Example 19.7.3 The differential equation $\ds\ddot y -2\dot y+y=e^t/t^2$ is not of the form amenable to the method of undetermined coefficients. The solution to the homogeneous equation is $\ds Ae^t+Bte^t$ and so the simultaneous equations are $$\eqalign{ \dot ue^{t}+\dot vte^{t}&=0\cr \dot ue^{t}+\dot vte^{t}+\dot ve^t&={e^t\over t^2}.\cr} $$ Subtracting the equations gives $$\eqalign{ \dot ve^{t}&={e^t\over t^2}\cr \dot v&={1\over t^2}\cr v&=-{1\over t}.\cr} $$ Then substituting we get $$\eqalign{ \dot ue^t&=-\dot vte^t=-{1\over t^2}te^t\cr \dot u&=-{1\over t}\cr u&=-\ln t.\cr} $$ The solution is $\ds Ae^t+Bte^t-e^t\ln t-e^t$. $\square$

Exercises 19.7

Find the general solution to the differential equation using variation of parameters.
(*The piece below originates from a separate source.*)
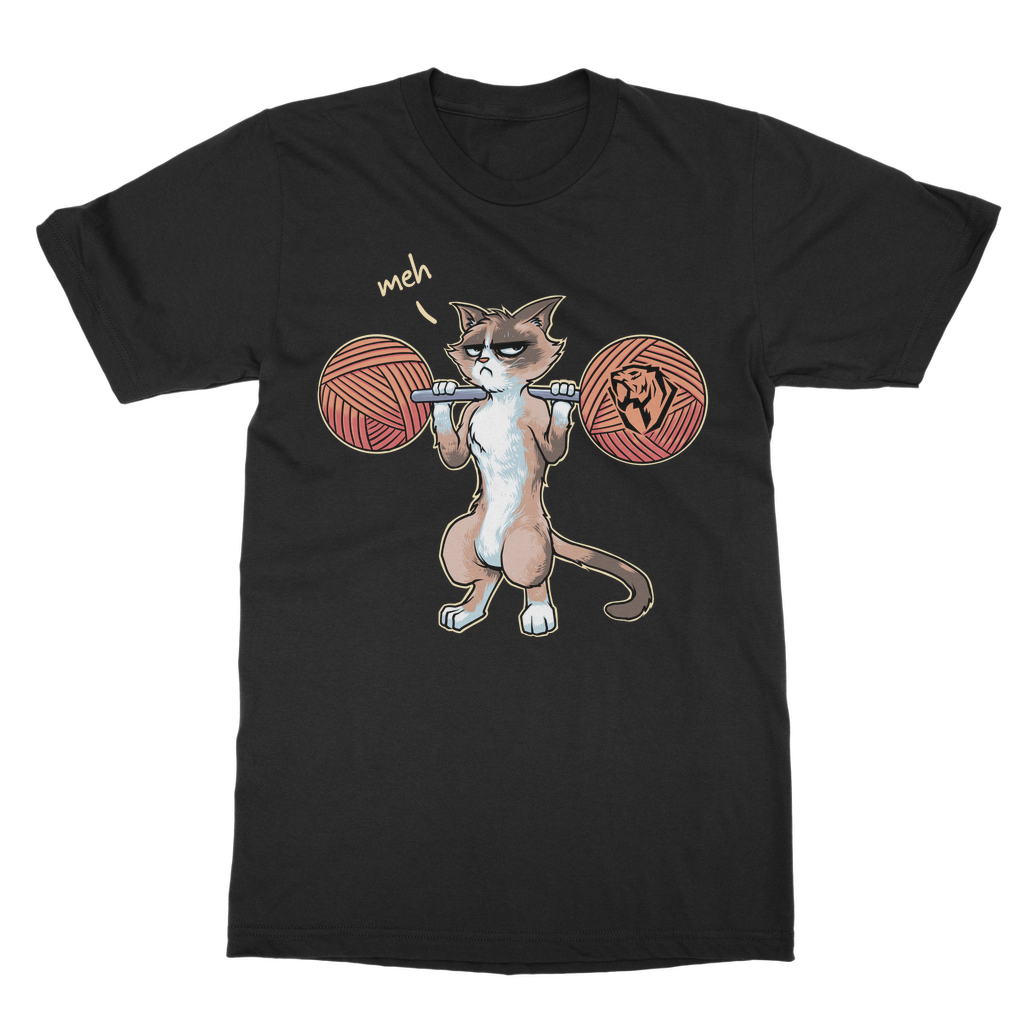 Squatting Meh Cat T-shirt (UK)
Ex 19.7.1 $\ds\ddot y+y=\tan x$ (answer)

Ex 19.7.2 $\ds\ddot y+y=e^{2t}$ (answer)

Ex 19.7.3 $\ds\ddot y+4y=\sec x$ (answer)

Ex 19.7.4 $\ds\ddot y+4y=\tan x$ (answer)

Ex 19.7.5 $\ds\ddot y+\dot y-6y=t^2e^{2t}$ (answer)

Ex 19.7.6 $\ds\ddot y-2\dot y+2y=e^{t}\tan(t)$ (answer)

Ex 19.7.7 $\ds\ddot y-2\dot y+2y=\sin(t)\cos(t)$ (This is rather messy when done by variation of parameters; compare to undetermined coefficients.) (answer)